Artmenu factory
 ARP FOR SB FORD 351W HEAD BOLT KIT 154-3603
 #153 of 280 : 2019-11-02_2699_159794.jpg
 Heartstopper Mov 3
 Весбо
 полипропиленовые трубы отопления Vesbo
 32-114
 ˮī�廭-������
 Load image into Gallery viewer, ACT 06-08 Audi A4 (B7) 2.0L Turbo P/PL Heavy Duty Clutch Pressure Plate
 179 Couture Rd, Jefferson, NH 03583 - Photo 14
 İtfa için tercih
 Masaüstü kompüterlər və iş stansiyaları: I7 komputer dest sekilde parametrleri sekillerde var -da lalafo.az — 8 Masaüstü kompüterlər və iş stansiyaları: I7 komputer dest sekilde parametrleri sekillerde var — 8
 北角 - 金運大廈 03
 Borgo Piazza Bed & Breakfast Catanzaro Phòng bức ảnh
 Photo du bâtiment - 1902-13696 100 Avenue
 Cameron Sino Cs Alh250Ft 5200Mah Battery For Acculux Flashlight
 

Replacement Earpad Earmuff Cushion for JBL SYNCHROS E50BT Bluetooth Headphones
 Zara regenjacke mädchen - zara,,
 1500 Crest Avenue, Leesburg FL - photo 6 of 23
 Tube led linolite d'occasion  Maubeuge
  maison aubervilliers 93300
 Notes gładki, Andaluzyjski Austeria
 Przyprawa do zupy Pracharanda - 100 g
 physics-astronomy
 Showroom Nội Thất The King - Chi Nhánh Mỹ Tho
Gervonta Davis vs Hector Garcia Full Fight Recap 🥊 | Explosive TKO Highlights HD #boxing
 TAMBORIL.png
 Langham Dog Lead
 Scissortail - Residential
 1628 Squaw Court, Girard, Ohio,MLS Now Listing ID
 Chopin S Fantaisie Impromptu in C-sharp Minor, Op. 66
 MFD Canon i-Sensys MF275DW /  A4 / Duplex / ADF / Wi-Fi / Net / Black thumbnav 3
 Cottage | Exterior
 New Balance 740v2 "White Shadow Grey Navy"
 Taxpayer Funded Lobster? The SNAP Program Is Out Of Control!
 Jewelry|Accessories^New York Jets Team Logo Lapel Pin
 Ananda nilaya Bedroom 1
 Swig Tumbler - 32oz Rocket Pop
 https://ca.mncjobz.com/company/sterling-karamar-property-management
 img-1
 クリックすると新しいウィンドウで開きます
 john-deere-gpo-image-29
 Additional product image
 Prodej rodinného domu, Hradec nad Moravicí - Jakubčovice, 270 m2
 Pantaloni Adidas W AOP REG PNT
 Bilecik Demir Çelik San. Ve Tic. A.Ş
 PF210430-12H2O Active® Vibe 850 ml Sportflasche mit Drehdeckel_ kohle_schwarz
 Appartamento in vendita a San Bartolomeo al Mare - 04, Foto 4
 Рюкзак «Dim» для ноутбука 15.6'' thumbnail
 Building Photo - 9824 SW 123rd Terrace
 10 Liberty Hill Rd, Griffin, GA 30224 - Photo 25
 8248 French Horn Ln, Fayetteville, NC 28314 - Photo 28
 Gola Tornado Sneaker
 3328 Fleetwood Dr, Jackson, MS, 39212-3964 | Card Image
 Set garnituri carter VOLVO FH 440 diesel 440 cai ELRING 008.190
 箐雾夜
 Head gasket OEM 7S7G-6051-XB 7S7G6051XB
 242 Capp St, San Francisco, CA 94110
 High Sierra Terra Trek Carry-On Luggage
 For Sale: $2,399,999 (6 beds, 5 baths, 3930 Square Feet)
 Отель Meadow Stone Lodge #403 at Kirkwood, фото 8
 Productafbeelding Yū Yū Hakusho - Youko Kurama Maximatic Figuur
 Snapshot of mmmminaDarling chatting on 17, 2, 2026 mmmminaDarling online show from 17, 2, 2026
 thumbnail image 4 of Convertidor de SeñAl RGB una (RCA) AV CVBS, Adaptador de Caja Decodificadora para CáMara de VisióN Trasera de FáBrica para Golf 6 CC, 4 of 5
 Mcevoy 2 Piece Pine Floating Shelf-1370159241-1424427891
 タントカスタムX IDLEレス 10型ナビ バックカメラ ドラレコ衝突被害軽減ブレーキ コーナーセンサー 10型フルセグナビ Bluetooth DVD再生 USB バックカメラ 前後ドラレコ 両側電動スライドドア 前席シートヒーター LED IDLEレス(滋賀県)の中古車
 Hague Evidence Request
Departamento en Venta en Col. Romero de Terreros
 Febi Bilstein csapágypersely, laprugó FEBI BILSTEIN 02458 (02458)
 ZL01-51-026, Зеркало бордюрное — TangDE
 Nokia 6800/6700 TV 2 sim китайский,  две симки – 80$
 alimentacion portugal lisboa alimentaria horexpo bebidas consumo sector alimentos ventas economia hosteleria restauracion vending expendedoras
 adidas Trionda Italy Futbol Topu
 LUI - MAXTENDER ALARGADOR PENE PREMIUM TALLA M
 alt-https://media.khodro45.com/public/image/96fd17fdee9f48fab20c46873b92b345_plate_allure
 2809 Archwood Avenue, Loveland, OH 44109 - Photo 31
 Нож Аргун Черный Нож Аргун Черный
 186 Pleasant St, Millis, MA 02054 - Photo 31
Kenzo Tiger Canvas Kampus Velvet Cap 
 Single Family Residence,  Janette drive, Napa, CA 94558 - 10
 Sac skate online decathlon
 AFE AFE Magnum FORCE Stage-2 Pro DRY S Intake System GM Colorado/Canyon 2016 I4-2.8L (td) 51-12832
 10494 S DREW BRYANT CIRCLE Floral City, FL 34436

——————————

BRIEF - Out of the material above, select every line that holds the string "thumbnail".

PROBLEM SOLUTION -
 Рюкзак «Dim» для ноутбука 15.6'' thumbnail
 thumbnail image 4 of Convertidor de SeñAl RGB una (RCA) AV CVBS, Adaptador de Caja Decodificadora para CáMara de VisióN Trasera de FáBrica para Golf 6 CC, 4 of 5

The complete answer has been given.